#### [What you are asked to do]
Exact transcription, pictures omitted: begin at the top line of the records below and end with the line bearing "2015 Mazda 3".
Listed entries section start
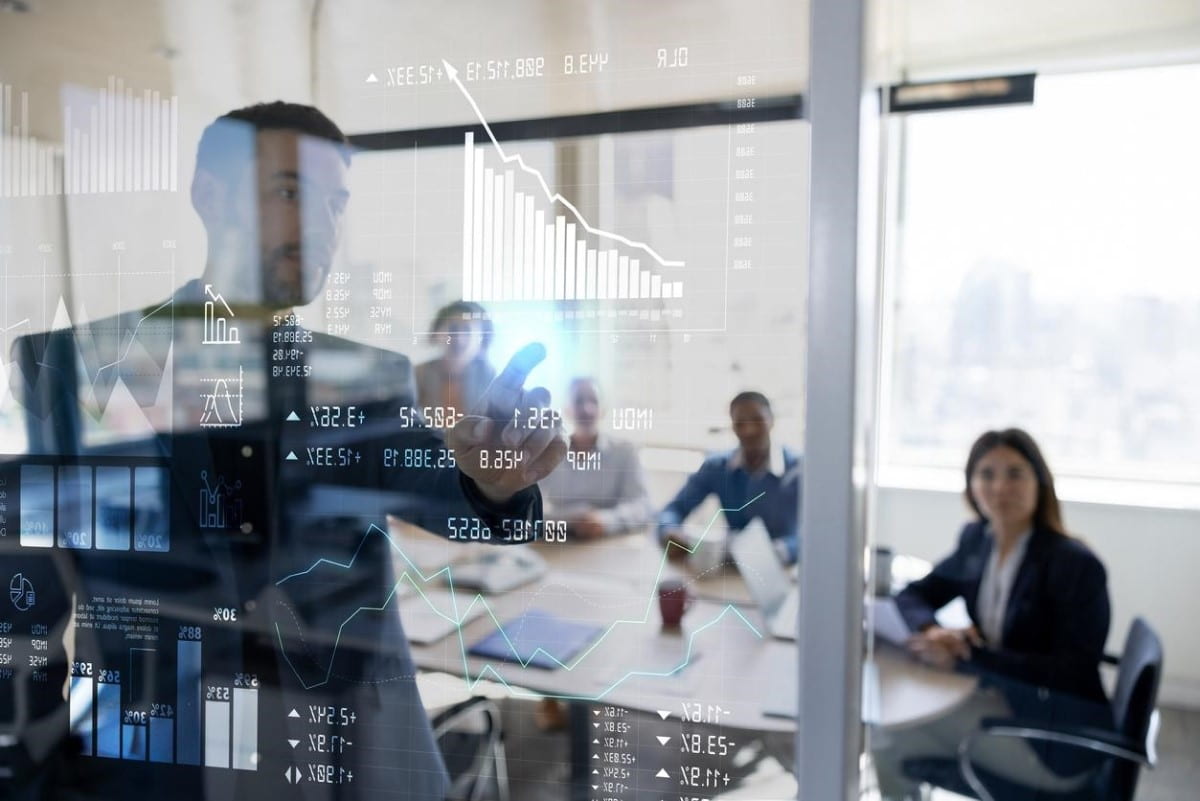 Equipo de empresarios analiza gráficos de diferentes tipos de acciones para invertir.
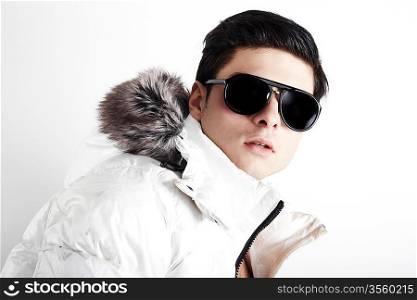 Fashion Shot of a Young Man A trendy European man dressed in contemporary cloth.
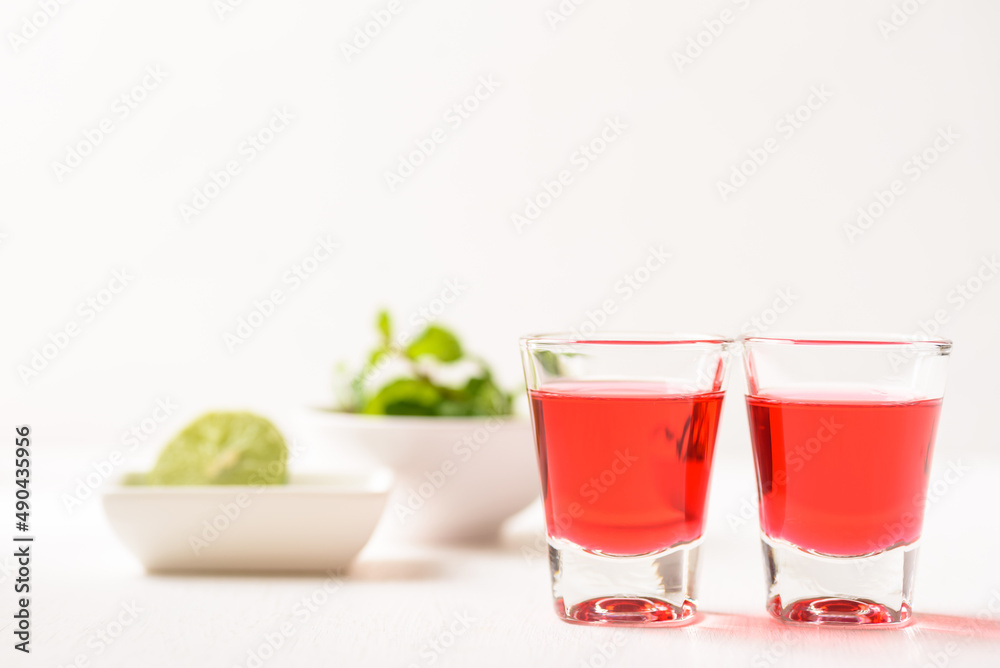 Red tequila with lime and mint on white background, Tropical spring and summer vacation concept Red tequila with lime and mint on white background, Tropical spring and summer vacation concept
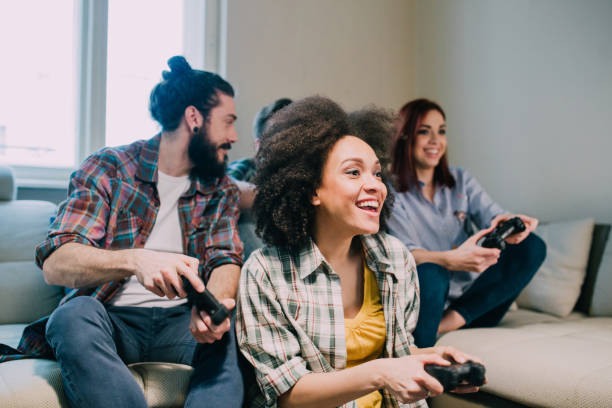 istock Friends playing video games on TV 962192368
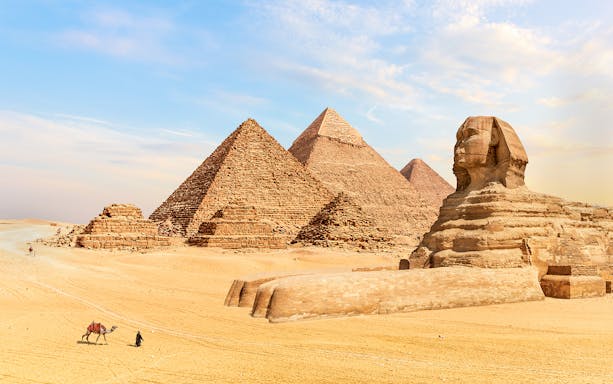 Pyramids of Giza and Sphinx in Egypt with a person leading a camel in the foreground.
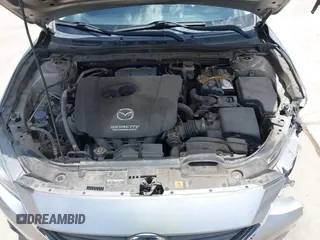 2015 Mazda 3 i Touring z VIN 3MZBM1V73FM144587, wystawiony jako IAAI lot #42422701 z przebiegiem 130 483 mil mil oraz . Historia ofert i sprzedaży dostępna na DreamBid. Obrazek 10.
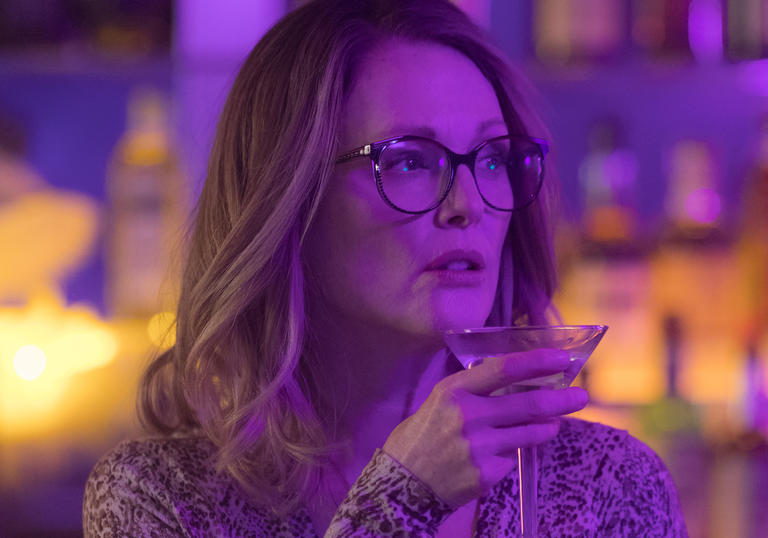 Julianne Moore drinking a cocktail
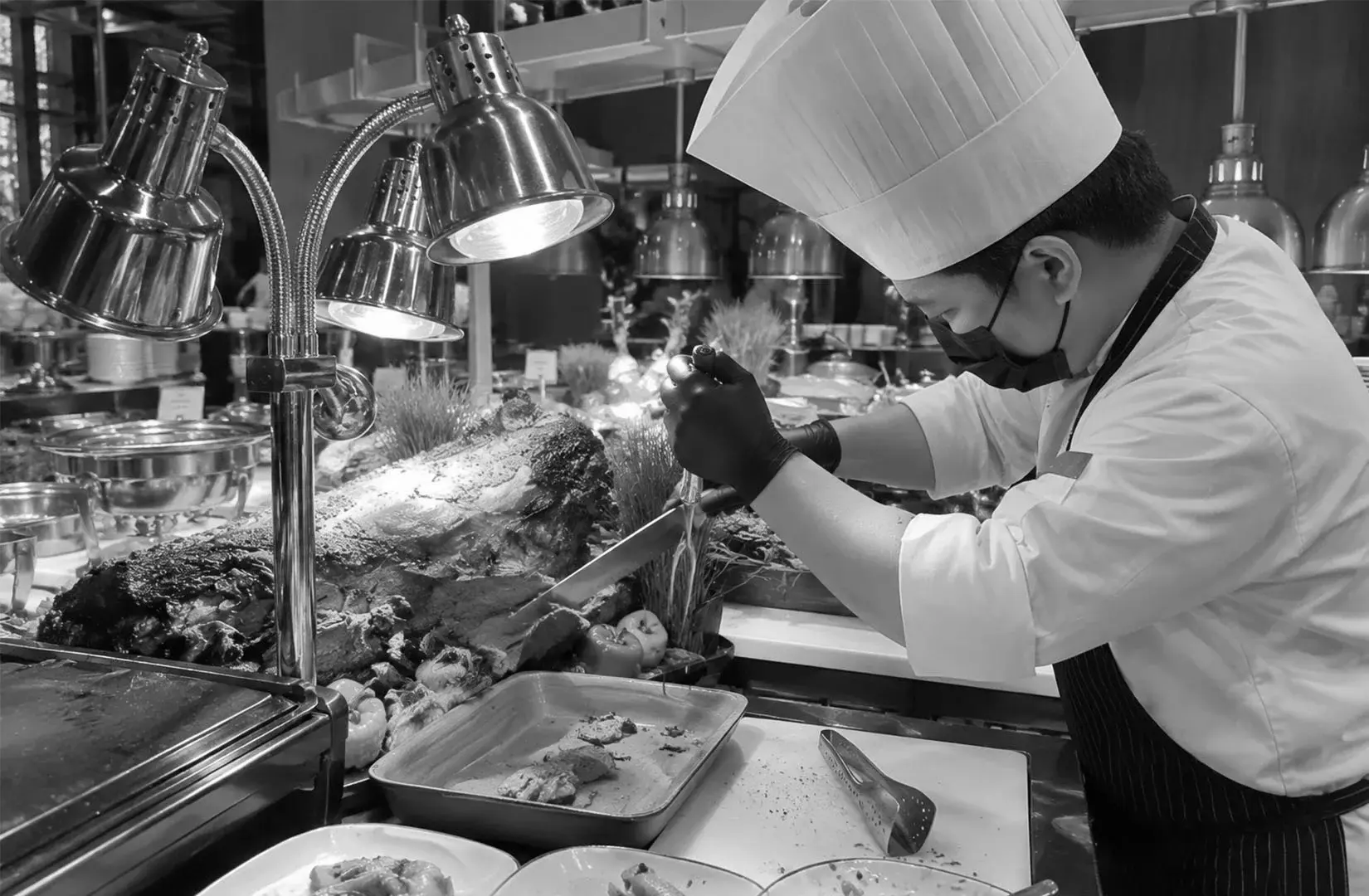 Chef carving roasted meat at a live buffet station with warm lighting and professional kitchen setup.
Listed entries section end
#### [Output]
 Equipo de empresarios analiza gráficos de diferentes tipos de acciones para invertir.
 Fashion Shot of a Young Man A trendy European man dressed in contemporary cloth.
 Red tequila with lime and mint on white background, Tropical spring and summer vacation concept Red tequila with lime and mint on white background, Tropical spring and summer vacation concept
 istock Friends playing video games on TV 962192368
 Pyramids of Giza and Sphinx in Egypt with a person leading a camel in the foreground.
 2015 Mazda 3 i Touring z VIN 3MZBM1V73FM144587, wystawiony jako IAAI lot #42422701 z przebiegiem 130 483 mil mil oraz . Historia ofert i sprzedaży dostępna na DreamBid. Obrazek 10.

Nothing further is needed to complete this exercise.